I’m a sucker for shoegaze. It’s like ambient music, but since it isn’t glorified muzak, it is able to hold my attention for more than 5 minutes; it’s like rock, but far smoother, and celestial, and full of soft beauty; it’s like progressive rock, except that its high-arching themes never breach the realm of masturbatory insipidness; and it’s like psychedelic music, except it sometimes makes sense. Given this, I was always going to be a fan of Beach House. I just didn’t know that I would love them as much as I do.
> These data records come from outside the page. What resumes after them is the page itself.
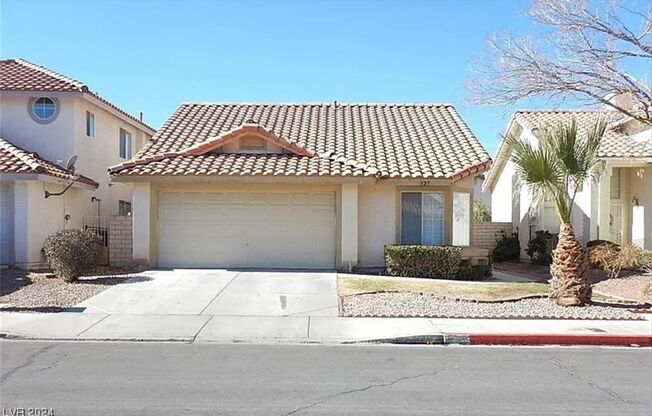 Step into this charming 3-bedroom, 2-bathroom residence in Henderson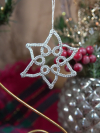 Silver lace snowflake ornament with open pointed design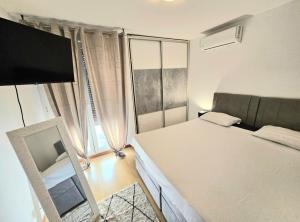 ein Schlafzimmer mit einem Bett und einem großen Fenster in der Unterkunft Beautiful Apartment, Close to Beach in Split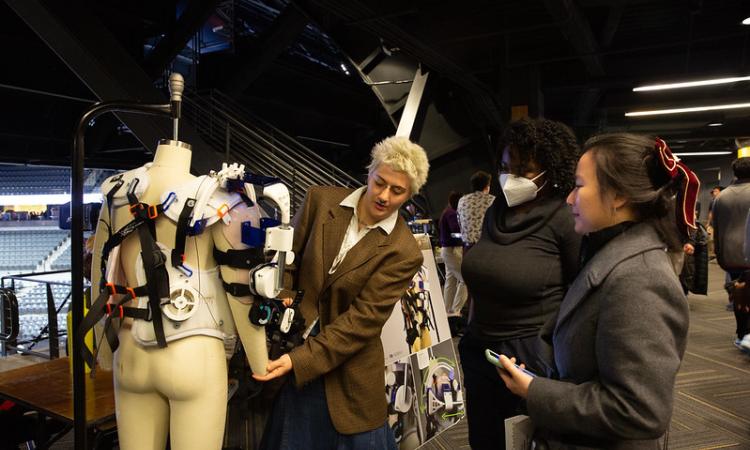 people looking at wearable device
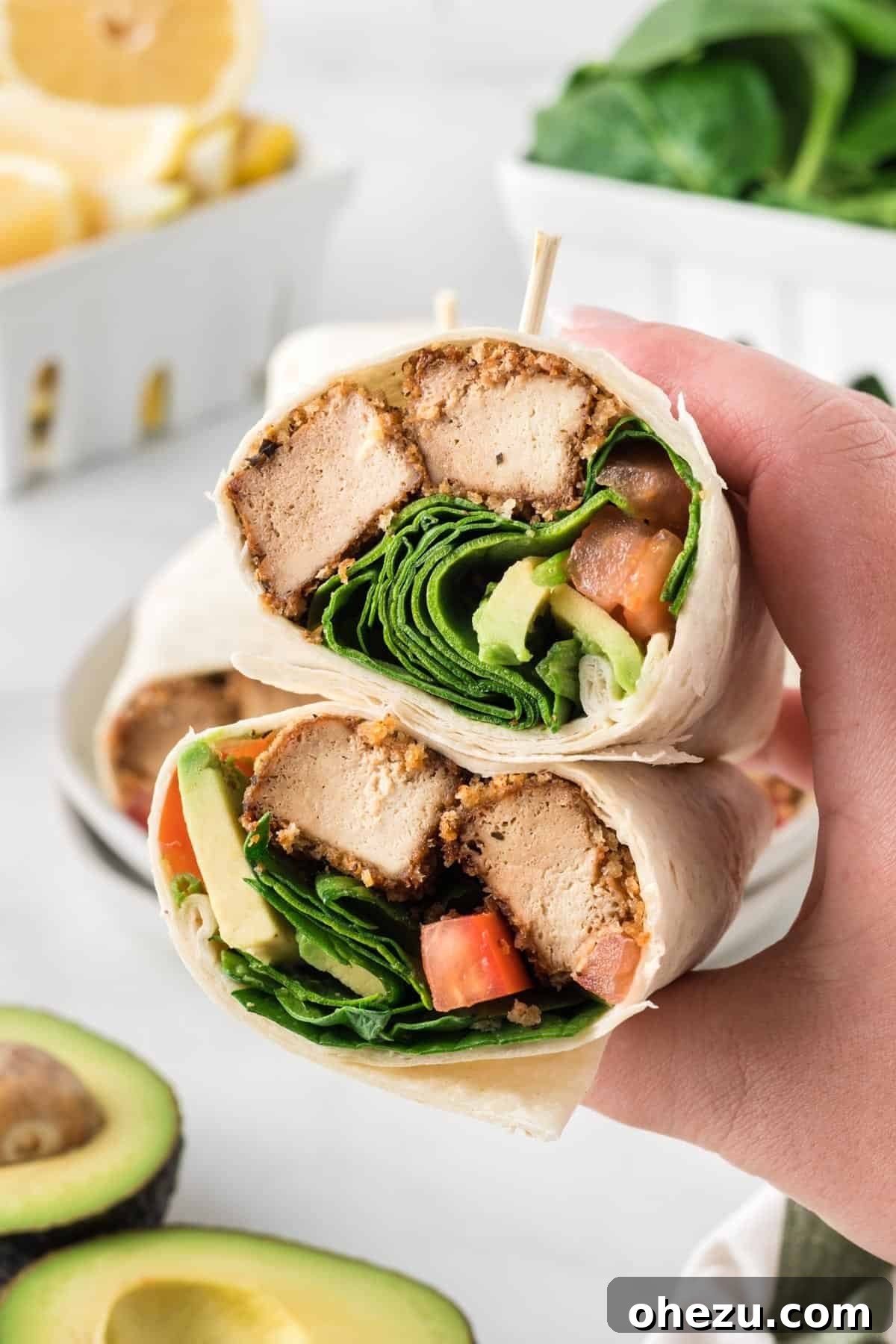 Vibrant Tofu Wraps 17 A hand holding a freshly cut tofu wrap, revealing the vibrant layers of crispy tofu, avocado, tomato, and spinach.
Victoria Legrand, who is half of the band along with Alex Scally, has an amazing voice. It’s not throaty, or insubstantial, but damn is it soothing. I can’t help but think that every song (even the soon-to-be single “Zebra,” which is about a “black and white horse”) is full of the most intense meaning. She is the selling point for Beach House. Even when the songs get repetitive or the drum machine gets old, Legrand’s voice is enough to transfix even the most apathetic of listeners.

If there is any problem with Teen Dream, it’s that it’s almost too exciting. With their first two albums, “Beach House” and “Devotion,” instant classics, I was able to let the soft world of their brand of dream pop float around me. That is to say, they’re really good soundtracks for doing anything relaxing. But “Teen Dream” is something more. It demands to be listened to. Legrand is more excellent than ever, and each composition on this album is different from the proceeding one. I tried doing my homework while listening to it, but I couldn’t — Beach House has recorded such an immersive, beautiful, and interesting record that I was veritably forced to pay attention.

As far as individual tracks go, “Zebra” and “Norway” are both great. But really: buy the whole album. It’s pretty much perfect.

In the interest of seeming unbiased I feel compelled to find something wrong with “Teen Dream.”

So here it is: the album art is non-notable.

But seriously, support this band, and get “Teen Dream.” It’s great music for making love.

“Teen Dream” is available online and in stores for $7.99 on Sub Pop Records.

Comments

  • Thank You!!!

    I just downloaded it — I love them!

  • Yes

    Agree. Teen Dream was the first I heard of them. Listening to their first 2 albums, they’re good, but Teen Dream has this flow that combines the dream pop with the shoegaze and listening to it is like sliding along a sunny, rainbow-exuding cloud formation. Or moving in slow motion through jellified sound waves.